JOHN WARD: Consort Music for Five and Six Viols – Phantasm – Linn Records Multichannel SACD CKD 339 77:57 [Distr. by Naxos] ****:
A contemporary of the better-known Orlando Gibbons and William Lawes, John Ward (c. 1589-1638) served as both attorney and musician for Henry Fanshawe, an official of the Exchequer. It seems in 17th-century England, the long-standing rivalry between the law and music— the families of Telemann, Schumann, and Tchaikovsky, among others, wanted their boys to pursue the law rather than waste their time on a musical career—wasn’t yet in force. In any event, Ward is just now getting some of the attention traditionally lavished on “professional” musicians (ones who held court or ecclesiastical possessions) such as William Byrd.
Even by the standards of 17th-century English instrumental music, Ward’s consort music is different, according to the notes to this recording written by Phantasm founder Laurence Dreyfus. Not as playful or witty as the works of Gibbons or Jenkins, Ward’s pieces expand in a leisurely meandering fashion. This is especially the case with Fantasias No. 2 and 6 a6. (The “a6” and “a5” designations indicate whether the piece is for six or five viols.) They start in strict imitative counterpoint but then wander through sections that jog along in lively dance rhythms or slow down to an introspective calm.
In fact, many of the Fantasias have ties to dance forms, especially the stately pavane. But they also have very direct ties to the madrigal, of which Ward was a master. Four of the Fantasias carry the titles of Italian poems that would have been set as song and one, Fantasia No. 11 a5, bears the poem “Cor mio” in its bass part. Dreyfus points out that the instrumentalists mimic the opening line of the poem—”Cor mio, deh, non lanquire” (“My heart, pray, do not pine”)—right down to pauses at the two commas.
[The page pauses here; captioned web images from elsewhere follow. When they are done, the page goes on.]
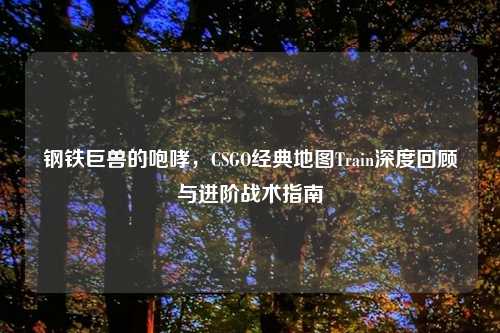 钢铁巨兽的咆哮，CSGO经典地图Train深度回顾与进阶战术指南
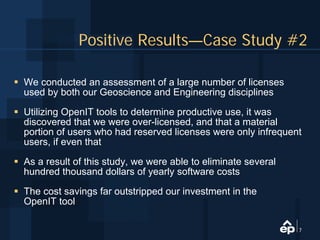 Positive Results—Case Study #2

We conducted an assessment of a large number of licenses
used by both our Geoscience and Engineering disciplines

Utilizing OpenIT tools to determine productive use, it was
discovered that we were over-licensed, and that a material
portion of users who had reserved licenses were only infrequent
users, if even that

As a result of this study, we were able to eliminate several
hundred thousand dollars of yearly software costs

The cost savings far outstripped our investment in the
OpenIT tool

                                                               7
 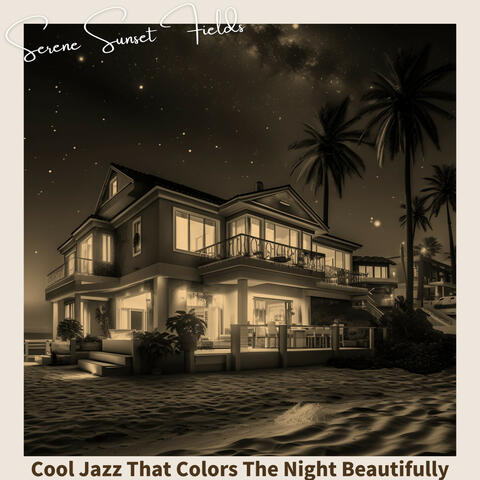 Cool Jazz That Colors The Night Beautifully
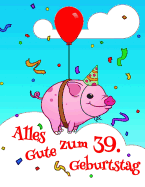 Alles Gute zum 39. Geburtstag: Niedliches, Schwein Entworfenes Geburtstagsbuch, das als Tagebuch oder Notebook verwendet werden kann. Besser als eine Geburtstagskarte!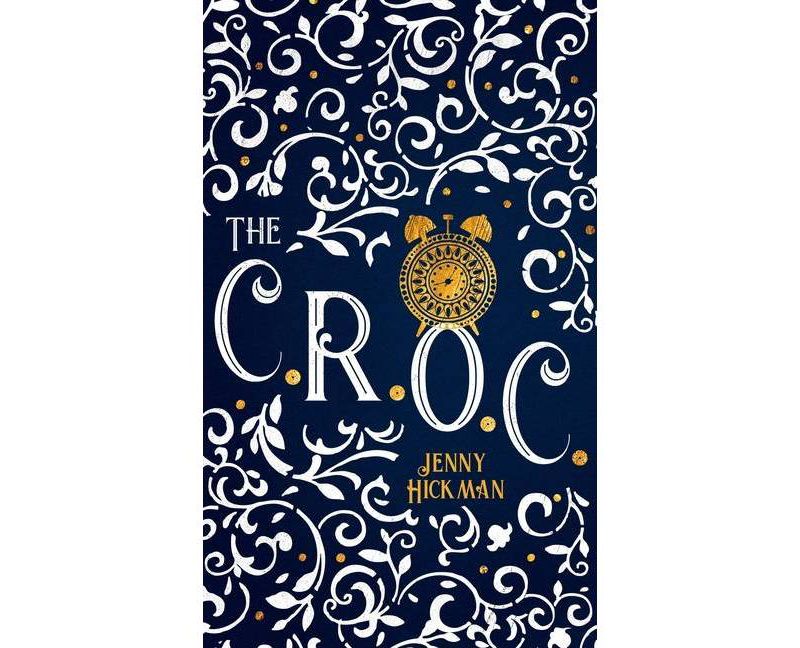 The CROC - (The Pan Trilogy) by  Jenny Hickman (Hardcover)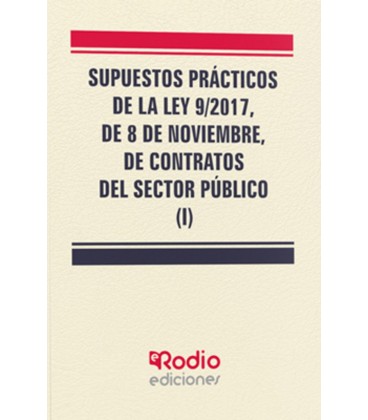 SUPUESTOS PRACTICOS DE LA LEY 9 2017 DE 8 DE NOVIEMBRE DE CONTRATOS DE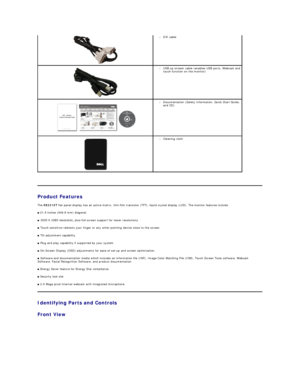 Page 3   
Product Features  
The  SX2210T  flat panel display has an active matrix, thin - film transistor (TFT), liquid crystal display (LCD). The monitor features include:  
■  21.5 inches (546.8 mm) diagonal.   
■  1920 X 1080 resolution, plus full - screen support for lower resolutions.   
■  Touch sensitive — detects your finger or any other pointing device close to the screen.  
■  Tilt adjustment capability.   
■  Plug and play capability if supported by your system.   
■  On - Screen Display (OSD)...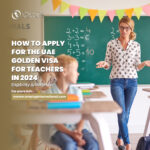 How to Apply for the UAE Golden Visa for Teachers in 2024: Eligibility and Benefits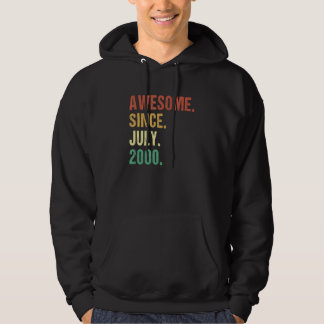 Awesome Since July 2000 22nd Birthday 22 Year Old Hoodie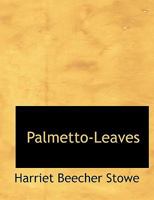 Palmetto Leaves 0813016932 Book Cover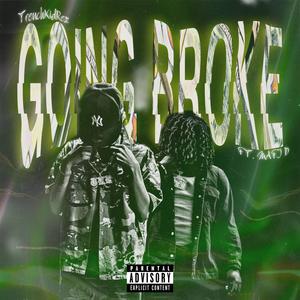 Going Broke (feat. Mafi D) (Explicit)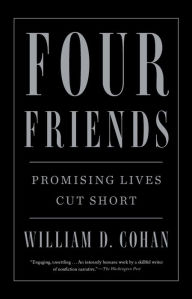 Title: Four Friends: Promising Lives Cut Short, Author: William D. Cohan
These madrigal-inspired Fantasias also indulge in the sort of wild, heart-wrenching chromaticism that are the stock in trade of composers such as Gesualdo or Monteverdi.
So within the rather strict confines imposed by the whole consort (that is, a group of instruments all of one family), Ward manages to inject variety and interest that are pleasantly unexpected. Still, at a generous 78 minutes duration, this first complete recording of Ward’s Fantasias should be sampled in stages. Enjoyable as it is, the music gets to be much of a muchness if listened to all at one sitting.
Phantasm, which recorded award-winning albums for Deutsche Grammophon but now works exclusively with Linn Records, is the right group for the assignment, bringing the requisite understanding and warmth to this music. They were recorded in the chapel of Wadham College at Oxford, a venue that imparts the right mix of airy ambience and intimacy—just about what you’d hear in the halls of one of the great homes of Renaissance England. For fanciers of 17th-century English music, this album is pretty much self-recommending.